(How to complete this task) Every line of the material below should be output exactly as written, with the images skipped.

(Exercise material)
#####
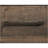 Brown 5-Drawer Chest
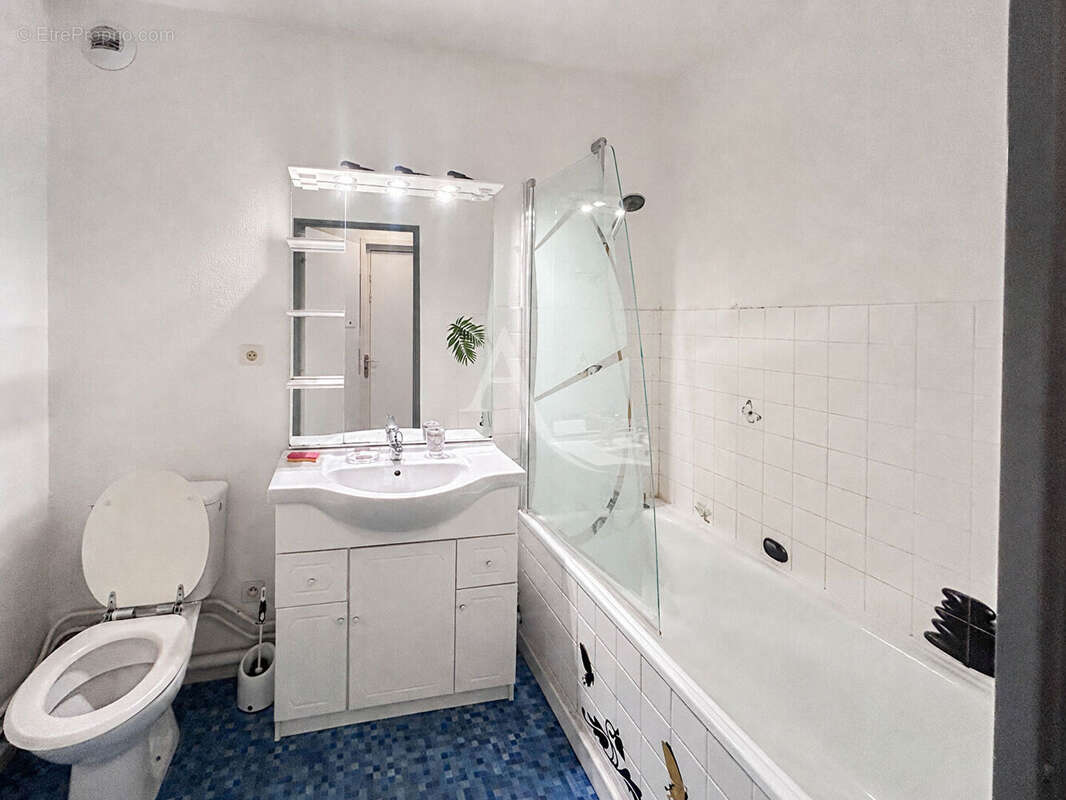 Appartement à PAU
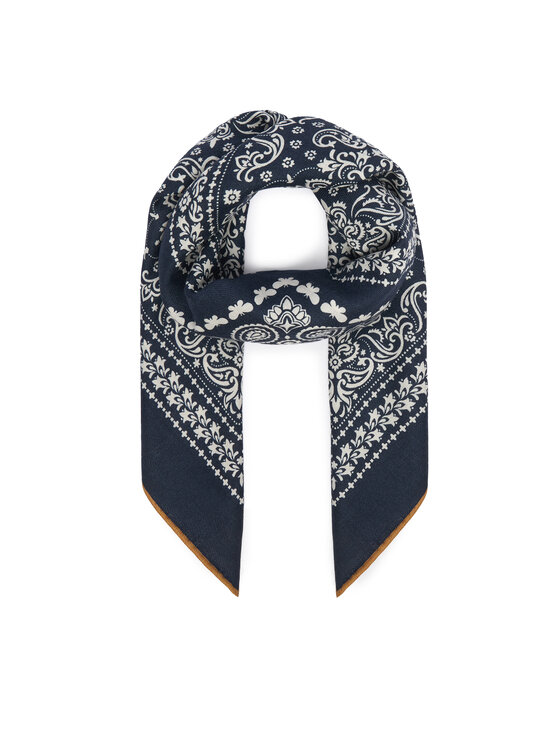 Weekend Max Mara Хустка Weekend Max Mara Tauro 2625546094 Cиній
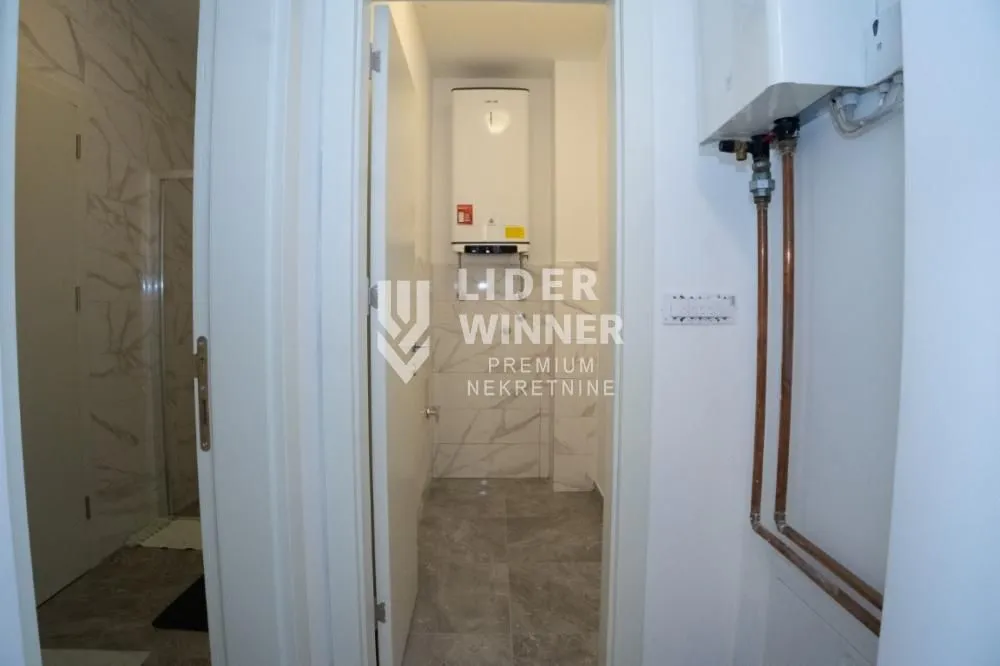 Sale, three bedroom apartment, 70m², Resnik, Beograd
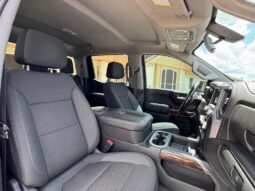 2020 GMC SIERRA ELEV full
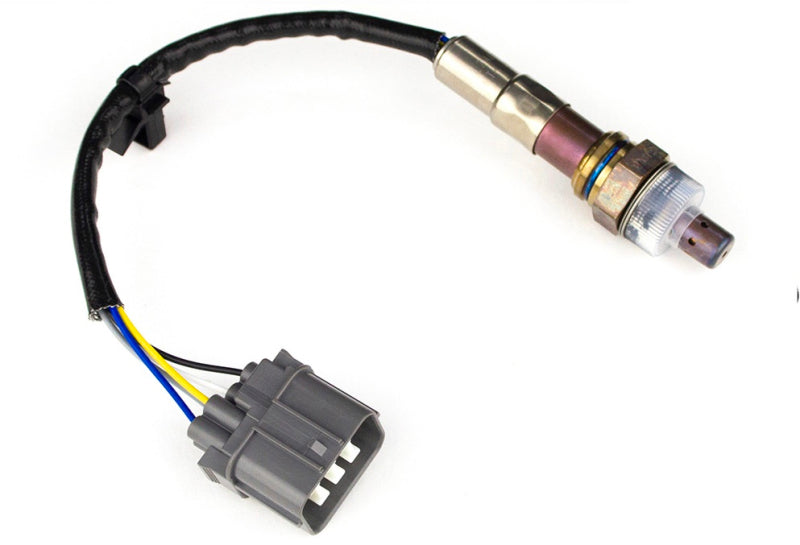 Haltech Wideband O2 Sensor (NTK LZA08-H5) - HT-010712
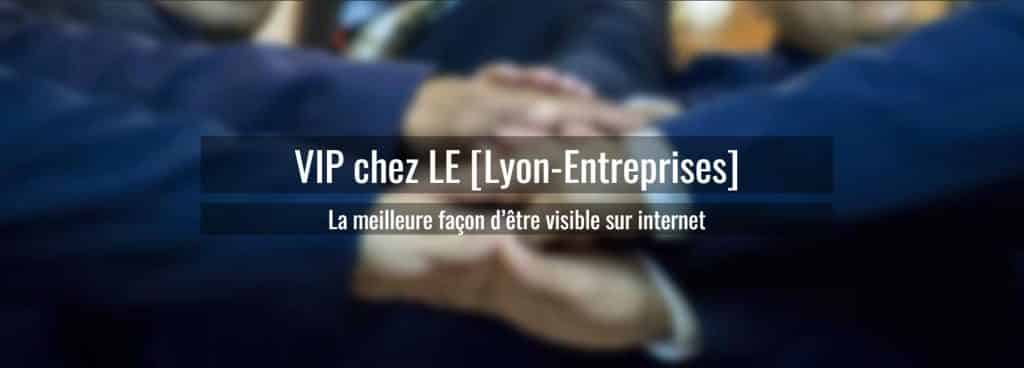 N’est pas VIP qui veut !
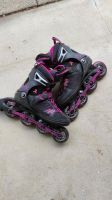 K2 Alexis X PRO Damen Inline-Skates 39 Kr. Dachau - Odelzhausen Vorschau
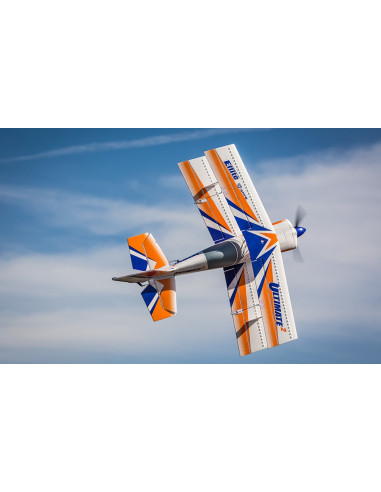 Ultimate² BNF env 95 cm E-flite EFL10850
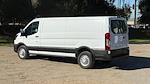New 2025 Ford Transit 350 HD Low Roof Upfitted Cargo Van for sale #00F05742 - photo 9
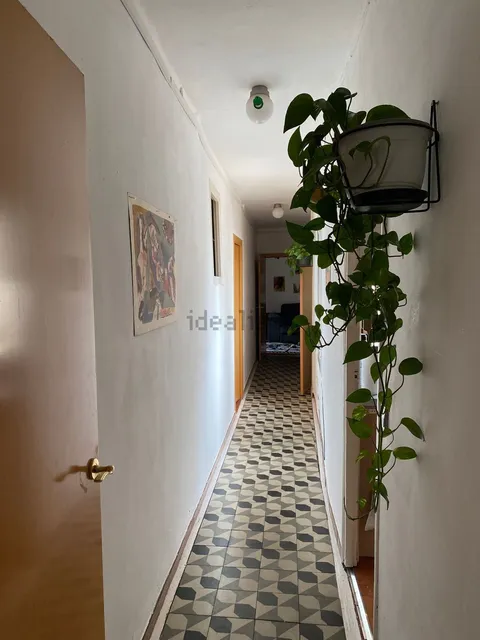 Stanza in affitto, Barcelona (4/9)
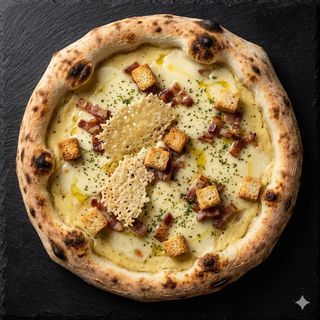 Pasta e patate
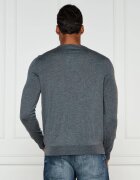 BOSS Black De lână pulover Baram-L | Regular Fit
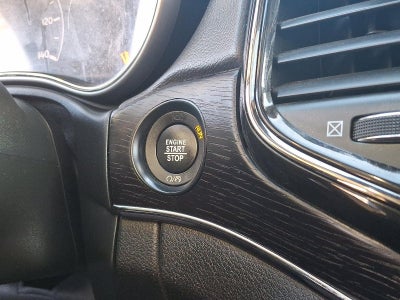 2021 Jeep Grand Cherokee High Altitude 4x4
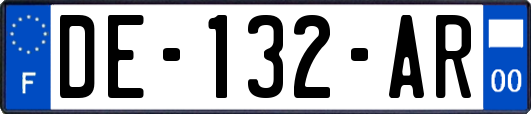DE-132-AR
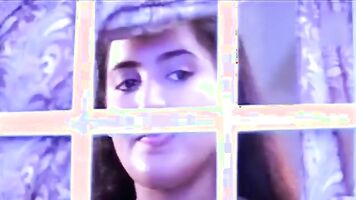 lady in Night mallu enjoying in shower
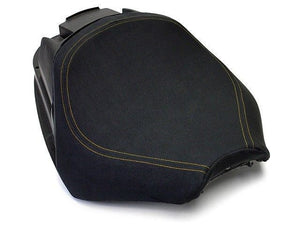 Luimoto Suede Seat Cover 6 Color Options For Ducati Sport Classic 1000 Monoposto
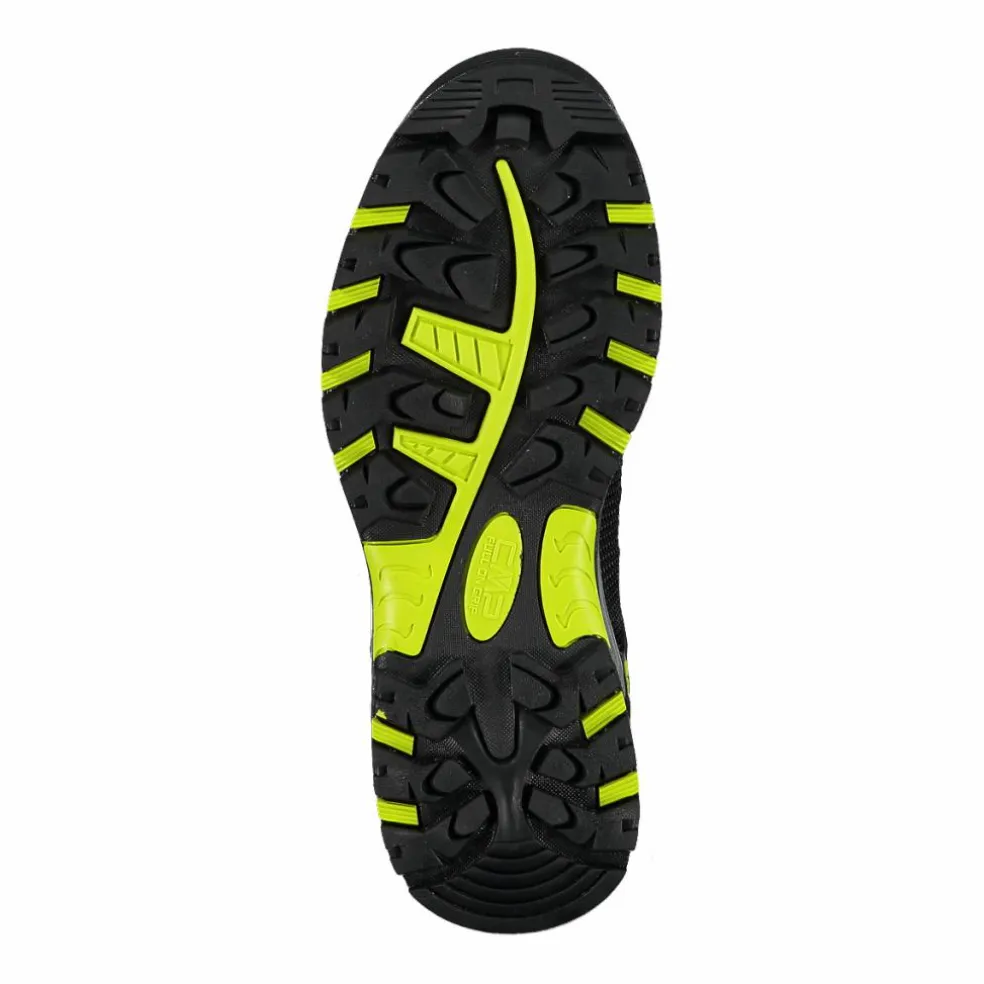 Scarpone trekking per ragazzi Rigel Mid Waterproof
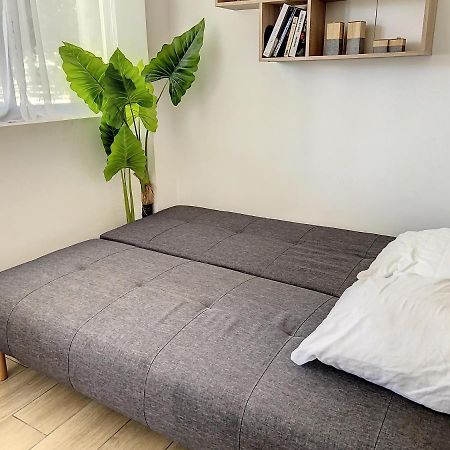 Apartmán F2 "Le Parc" Clim, Wifi, Pmr Balaruc-les-Bains Exteriér fotografie
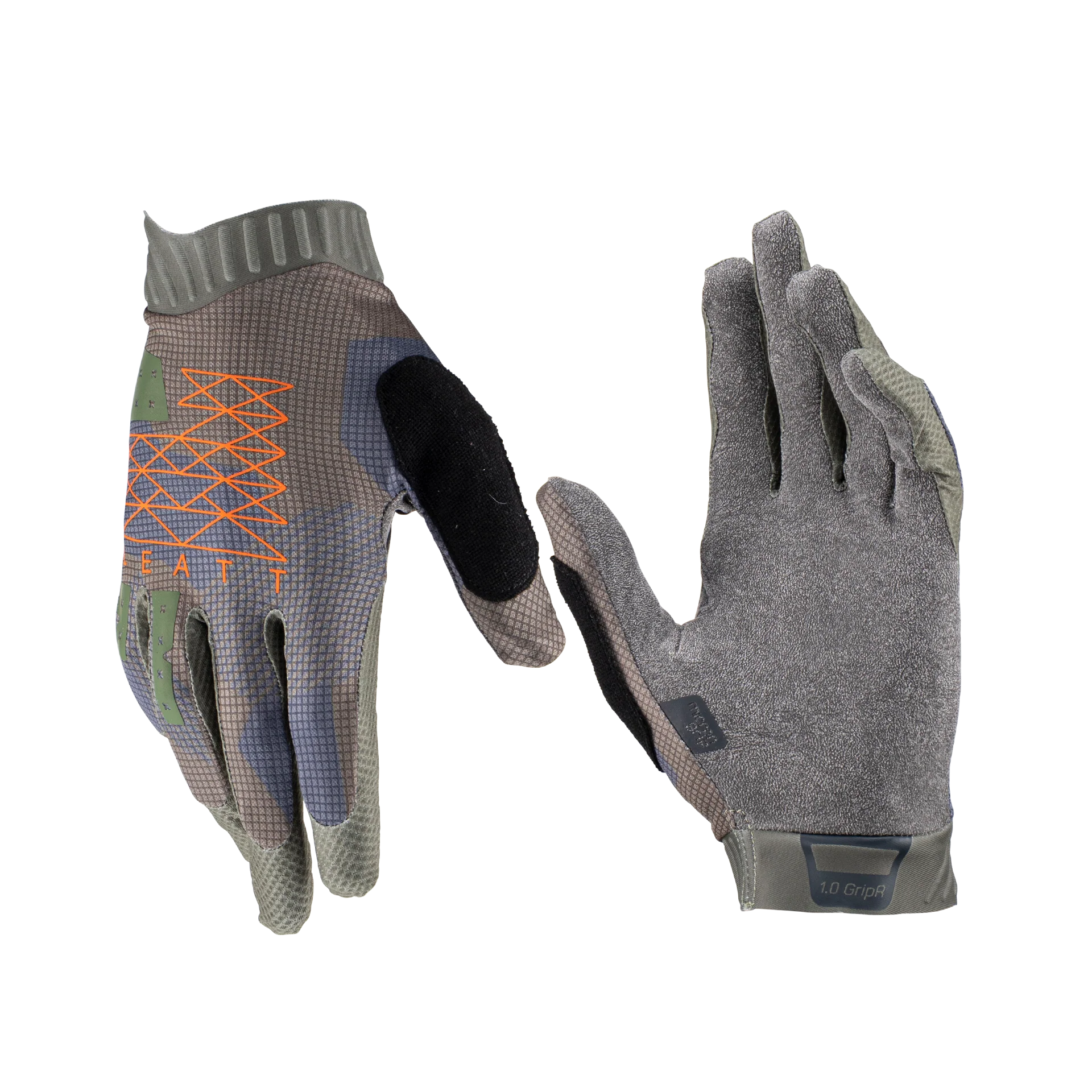 Gloves MTB 1.0 GripR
#####
(Written answer)
 Brown 5-Drawer Chest
 Appartement à PAU
 Weekend Max Mara Хустка Weekend Max Mara Tauro 2625546094 Cиній
 Sale, three bedroom apartment, 70m², Resnik, Beograd
 2020 GMC SIERRA ELEV full
 Haltech Wideband O2 Sensor (NTK LZA08-H5) - HT-010712
 N’est pas VIP qui veut !
 K2 Alexis X PRO Damen Inline-Skates 39 Kr. Dachau - Odelzhausen Vorschau
 Ultimate² BNF env 95 cm E-flite EFL10850
New 2025 Ford Transit 350 HD Low Roof Upfitted Cargo Van for sale #00F05742 - photo 9
 Stanza in affitto, Barcelona (4/9)
 Pasta e patate
 BOSS Black De lână pulover Baram-L | Regular Fit
 2021 Jeep Grand Cherokee High Altitude 4x4
DE-132-AR
 lady in Night mallu enjoying in shower
 Luimoto Suede Seat Cover 6 Color Options For Ducati Sport Classic 1000 Monoposto
 Scarpone trekking per ragazzi Rigel Mid Waterproof
 Apartmán F2 "Le Parc" Clim, Wifi, Pmr Balaruc-les-Bains Exteriér fotografie
 Gloves MTB 1.0 GripR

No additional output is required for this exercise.